Jeanne-Marie Leprince Beaumont fue dama de compañía, profesora de música y fundadora de un periódico para jóvenes en Londres en el que se trataban temas literarios y científicos. En 1756, sólo un año después de que muriese su autora, convirtió la novela de Villeneuve en cuento deshaciéndose de su embrollado final de hadas y reinos y dotándole de un carácter moralizante que hasta entonces la obra no había tenido.
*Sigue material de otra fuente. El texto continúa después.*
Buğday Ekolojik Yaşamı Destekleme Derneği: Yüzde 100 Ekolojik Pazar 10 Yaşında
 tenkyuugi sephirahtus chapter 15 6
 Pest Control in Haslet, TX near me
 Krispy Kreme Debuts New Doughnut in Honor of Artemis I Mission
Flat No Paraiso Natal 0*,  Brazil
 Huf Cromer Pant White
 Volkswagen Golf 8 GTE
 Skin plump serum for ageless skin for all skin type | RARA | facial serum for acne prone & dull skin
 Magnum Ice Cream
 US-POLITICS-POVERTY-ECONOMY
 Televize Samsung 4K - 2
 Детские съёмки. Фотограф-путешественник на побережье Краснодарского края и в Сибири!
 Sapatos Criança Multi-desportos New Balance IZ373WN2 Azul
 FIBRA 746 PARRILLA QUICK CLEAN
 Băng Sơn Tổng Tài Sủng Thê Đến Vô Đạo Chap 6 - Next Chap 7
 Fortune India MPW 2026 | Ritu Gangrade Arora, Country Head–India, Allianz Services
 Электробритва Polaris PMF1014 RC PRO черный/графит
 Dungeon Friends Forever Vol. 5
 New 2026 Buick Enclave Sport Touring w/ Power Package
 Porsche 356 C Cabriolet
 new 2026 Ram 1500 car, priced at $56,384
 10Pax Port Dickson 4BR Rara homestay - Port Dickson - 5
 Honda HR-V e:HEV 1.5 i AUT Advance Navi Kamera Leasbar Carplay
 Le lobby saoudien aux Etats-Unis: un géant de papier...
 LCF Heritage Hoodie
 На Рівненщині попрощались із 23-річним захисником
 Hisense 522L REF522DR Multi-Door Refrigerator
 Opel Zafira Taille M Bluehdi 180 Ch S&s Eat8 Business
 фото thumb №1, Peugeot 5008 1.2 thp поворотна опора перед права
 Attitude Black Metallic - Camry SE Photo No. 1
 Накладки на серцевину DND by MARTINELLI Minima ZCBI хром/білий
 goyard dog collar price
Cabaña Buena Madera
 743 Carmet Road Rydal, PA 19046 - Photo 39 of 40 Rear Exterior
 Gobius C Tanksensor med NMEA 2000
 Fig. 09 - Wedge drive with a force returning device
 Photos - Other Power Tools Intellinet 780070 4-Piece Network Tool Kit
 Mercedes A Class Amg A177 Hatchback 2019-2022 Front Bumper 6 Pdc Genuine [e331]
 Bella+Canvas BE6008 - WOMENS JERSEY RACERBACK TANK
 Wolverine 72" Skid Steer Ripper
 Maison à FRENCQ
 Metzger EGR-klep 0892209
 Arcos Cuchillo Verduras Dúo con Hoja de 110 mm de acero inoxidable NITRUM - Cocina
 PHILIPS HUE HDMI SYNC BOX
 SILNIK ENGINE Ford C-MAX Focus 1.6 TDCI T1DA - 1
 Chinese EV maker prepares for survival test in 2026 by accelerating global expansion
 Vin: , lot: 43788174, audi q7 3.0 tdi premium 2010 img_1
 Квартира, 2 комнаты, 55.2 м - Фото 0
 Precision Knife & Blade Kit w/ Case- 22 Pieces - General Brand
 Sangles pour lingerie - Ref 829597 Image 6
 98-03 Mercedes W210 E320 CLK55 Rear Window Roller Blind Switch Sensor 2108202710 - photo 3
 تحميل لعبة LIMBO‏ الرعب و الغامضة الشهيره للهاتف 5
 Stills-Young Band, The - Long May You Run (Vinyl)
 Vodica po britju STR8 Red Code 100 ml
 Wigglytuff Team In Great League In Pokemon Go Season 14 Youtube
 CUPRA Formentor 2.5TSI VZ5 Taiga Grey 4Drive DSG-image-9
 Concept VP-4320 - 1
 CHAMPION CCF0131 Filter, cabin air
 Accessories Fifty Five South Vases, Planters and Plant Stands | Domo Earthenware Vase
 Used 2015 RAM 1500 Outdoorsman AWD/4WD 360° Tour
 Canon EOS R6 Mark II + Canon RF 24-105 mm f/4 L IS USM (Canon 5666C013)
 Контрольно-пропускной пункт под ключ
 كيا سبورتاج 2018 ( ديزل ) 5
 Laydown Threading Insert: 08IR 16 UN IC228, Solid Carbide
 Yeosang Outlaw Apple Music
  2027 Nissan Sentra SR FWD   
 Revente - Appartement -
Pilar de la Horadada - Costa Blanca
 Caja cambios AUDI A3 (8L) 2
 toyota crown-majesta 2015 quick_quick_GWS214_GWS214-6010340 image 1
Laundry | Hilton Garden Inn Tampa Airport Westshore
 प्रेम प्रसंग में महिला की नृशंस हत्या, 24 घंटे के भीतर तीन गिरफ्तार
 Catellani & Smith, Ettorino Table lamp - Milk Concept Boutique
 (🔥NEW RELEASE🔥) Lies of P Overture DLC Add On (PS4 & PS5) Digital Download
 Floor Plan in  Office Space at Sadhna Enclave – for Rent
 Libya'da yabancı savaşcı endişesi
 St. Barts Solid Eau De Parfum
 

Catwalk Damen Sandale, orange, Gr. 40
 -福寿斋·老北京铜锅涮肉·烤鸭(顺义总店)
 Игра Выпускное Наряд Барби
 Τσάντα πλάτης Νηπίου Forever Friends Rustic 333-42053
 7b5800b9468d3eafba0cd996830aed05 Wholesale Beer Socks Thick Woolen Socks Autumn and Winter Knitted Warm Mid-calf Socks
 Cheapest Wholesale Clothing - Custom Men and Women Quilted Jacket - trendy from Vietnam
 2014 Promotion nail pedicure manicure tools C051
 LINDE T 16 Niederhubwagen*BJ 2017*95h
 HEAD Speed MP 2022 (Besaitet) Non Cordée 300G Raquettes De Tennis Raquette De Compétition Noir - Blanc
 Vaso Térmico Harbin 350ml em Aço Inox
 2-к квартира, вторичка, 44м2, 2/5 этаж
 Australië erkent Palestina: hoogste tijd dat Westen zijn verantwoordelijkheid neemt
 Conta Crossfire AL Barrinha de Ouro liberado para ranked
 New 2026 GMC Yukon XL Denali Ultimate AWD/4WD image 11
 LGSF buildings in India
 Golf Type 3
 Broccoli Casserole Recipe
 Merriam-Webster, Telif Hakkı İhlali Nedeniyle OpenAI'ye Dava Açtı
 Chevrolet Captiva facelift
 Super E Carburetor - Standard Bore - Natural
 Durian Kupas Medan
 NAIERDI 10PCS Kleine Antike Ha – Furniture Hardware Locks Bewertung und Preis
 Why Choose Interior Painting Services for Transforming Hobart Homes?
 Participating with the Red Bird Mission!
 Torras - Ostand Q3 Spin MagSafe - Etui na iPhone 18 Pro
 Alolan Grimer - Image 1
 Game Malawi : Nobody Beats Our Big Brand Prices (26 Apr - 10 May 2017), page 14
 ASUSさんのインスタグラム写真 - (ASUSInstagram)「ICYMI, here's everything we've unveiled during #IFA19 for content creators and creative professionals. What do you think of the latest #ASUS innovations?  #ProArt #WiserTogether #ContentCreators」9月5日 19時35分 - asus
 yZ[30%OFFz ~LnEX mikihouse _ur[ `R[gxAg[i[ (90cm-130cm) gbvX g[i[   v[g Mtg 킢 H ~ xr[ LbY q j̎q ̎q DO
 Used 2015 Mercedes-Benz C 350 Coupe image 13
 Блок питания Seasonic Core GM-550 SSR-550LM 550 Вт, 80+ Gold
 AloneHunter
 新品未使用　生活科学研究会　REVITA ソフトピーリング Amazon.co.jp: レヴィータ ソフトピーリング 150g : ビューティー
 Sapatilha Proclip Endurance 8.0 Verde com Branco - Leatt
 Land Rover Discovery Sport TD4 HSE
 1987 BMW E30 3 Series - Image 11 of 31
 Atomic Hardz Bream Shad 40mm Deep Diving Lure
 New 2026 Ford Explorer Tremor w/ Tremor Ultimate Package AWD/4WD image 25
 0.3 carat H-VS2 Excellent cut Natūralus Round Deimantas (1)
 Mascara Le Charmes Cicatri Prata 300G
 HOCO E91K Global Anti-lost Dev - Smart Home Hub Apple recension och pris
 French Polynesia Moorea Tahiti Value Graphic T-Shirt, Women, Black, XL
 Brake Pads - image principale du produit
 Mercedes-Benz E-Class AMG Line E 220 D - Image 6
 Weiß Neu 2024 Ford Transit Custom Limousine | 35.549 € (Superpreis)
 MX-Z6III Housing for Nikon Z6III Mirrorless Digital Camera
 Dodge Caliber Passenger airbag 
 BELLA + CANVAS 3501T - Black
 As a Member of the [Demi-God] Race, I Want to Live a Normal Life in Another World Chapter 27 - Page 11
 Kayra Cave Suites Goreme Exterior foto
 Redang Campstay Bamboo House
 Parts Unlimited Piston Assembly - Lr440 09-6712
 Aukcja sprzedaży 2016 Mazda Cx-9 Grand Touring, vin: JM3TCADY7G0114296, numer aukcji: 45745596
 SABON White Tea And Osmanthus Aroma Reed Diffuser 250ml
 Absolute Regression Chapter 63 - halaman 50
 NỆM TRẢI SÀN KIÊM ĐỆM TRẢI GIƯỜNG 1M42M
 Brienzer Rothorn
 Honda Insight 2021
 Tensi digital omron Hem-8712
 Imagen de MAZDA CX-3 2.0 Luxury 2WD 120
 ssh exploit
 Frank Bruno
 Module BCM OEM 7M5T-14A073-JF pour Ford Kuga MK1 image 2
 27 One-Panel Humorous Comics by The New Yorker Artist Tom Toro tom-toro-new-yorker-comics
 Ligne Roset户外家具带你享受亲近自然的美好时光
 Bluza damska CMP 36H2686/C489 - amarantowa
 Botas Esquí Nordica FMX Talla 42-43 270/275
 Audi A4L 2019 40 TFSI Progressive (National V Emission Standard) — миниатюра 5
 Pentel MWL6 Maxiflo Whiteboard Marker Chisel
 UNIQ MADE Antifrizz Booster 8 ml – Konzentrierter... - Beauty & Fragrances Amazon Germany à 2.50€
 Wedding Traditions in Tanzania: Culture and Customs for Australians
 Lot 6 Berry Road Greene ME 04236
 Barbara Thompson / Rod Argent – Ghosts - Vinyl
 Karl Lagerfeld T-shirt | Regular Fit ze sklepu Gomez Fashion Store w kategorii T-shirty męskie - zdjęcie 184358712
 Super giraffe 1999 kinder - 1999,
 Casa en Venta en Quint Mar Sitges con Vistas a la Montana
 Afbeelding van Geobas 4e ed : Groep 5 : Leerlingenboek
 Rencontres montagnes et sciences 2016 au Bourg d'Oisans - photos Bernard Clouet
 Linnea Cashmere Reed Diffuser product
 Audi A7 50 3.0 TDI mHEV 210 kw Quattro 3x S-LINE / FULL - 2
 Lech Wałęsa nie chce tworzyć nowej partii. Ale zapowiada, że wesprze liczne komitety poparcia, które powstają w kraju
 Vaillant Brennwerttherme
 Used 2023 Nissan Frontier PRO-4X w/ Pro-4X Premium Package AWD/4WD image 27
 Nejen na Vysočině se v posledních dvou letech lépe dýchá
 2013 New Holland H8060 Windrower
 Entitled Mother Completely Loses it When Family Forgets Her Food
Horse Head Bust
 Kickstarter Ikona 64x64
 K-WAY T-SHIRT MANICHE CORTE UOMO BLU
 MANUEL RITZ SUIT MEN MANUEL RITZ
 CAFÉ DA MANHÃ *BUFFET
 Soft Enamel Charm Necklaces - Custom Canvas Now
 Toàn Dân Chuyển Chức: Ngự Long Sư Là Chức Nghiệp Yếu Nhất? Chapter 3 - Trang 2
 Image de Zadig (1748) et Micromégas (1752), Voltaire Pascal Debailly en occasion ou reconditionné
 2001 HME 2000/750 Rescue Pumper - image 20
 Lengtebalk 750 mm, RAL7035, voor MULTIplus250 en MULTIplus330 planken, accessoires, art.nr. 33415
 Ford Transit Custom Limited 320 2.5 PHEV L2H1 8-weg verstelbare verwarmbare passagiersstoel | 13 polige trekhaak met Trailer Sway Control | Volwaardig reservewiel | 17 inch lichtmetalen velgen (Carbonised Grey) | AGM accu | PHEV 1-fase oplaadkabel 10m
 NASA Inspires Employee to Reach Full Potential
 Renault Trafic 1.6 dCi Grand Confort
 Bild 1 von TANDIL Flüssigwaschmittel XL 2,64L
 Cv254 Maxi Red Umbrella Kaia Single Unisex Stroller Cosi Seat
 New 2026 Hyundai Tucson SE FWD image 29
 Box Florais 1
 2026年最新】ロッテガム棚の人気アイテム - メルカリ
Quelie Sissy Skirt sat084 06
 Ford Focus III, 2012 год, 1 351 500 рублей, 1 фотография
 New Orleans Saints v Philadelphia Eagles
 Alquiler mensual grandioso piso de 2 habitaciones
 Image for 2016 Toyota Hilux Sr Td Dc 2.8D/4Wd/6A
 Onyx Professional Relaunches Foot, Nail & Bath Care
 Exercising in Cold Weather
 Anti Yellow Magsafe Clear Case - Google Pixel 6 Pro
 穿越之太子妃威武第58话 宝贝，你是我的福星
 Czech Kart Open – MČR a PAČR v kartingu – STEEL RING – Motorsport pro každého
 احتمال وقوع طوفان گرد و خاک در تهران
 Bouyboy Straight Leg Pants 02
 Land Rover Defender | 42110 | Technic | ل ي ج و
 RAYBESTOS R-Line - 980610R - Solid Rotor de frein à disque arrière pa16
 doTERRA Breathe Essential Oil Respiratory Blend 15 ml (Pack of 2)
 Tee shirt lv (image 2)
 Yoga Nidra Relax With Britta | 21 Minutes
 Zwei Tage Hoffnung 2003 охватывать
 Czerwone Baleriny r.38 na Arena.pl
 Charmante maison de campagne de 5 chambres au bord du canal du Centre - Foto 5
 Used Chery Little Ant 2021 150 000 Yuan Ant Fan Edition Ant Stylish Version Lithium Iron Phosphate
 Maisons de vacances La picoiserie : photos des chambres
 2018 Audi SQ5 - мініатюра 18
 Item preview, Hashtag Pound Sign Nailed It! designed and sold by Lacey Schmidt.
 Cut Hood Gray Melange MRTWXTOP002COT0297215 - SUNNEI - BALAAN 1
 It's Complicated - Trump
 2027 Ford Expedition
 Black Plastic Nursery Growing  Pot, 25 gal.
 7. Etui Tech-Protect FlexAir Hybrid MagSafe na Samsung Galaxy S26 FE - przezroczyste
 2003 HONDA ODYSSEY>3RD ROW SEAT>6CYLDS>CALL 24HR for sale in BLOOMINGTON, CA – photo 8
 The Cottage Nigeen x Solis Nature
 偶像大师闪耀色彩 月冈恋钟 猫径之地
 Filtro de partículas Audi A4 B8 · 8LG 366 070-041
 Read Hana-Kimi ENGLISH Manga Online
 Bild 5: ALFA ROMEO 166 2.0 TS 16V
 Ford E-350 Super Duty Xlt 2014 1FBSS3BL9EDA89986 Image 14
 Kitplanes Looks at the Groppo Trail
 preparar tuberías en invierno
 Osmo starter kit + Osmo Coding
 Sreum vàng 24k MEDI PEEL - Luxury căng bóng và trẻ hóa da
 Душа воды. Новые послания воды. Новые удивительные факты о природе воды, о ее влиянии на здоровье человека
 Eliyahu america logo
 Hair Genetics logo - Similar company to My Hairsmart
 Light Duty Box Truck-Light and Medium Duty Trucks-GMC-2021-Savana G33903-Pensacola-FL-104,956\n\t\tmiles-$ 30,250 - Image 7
La máxima “Lo que importa es la belleza interior” se expresaba aquí en los pensamientos de Bella (“¡Ay, qué lástima que sea tan feo siendo tan bueno!”) pero ya no había ni rastro de insinuaciones sexuales a excepción de un respetuoso: “¿Aceptaréis que os mire mientras cenáis?”.

Aquella pregunta lastimera la recuperaría Jean Cocteau en su bellísima y onírica película de 1946 en la que por fin la Bestia (Jean Marais) tenía aspecto leonino. Además de cerdo y elefante, el animal también había tenido pinta de jabalí en la imaginación del afín a los prerrafaelitas Walter Crane, cuyas ilustraciones recuperó hace poco El reino de Cordelia en su edición del cuento de Beaumont. Todas las versiones de La bella y la bestia que llegaron después –la película de monstruos de Edward L. Cahn de 1962, el libro para niños de Robin McKinley, la hortera teleserie con Rebecca De Mornay, la versión animada de Disney, el musical de Broadway en el que Hugh Jackman hacía de Gastón…– no han evitado que muchos de los elementos de los relatos originales, así como la esencia de la novela de Villeneueve, se hayan mantenido en el guión de la última película. ¿O pensabais que el espejo que todo lo ve era un invento de los estudios de Mickey Mouse?

La bella y la bestia se estrena el 17 de marzo.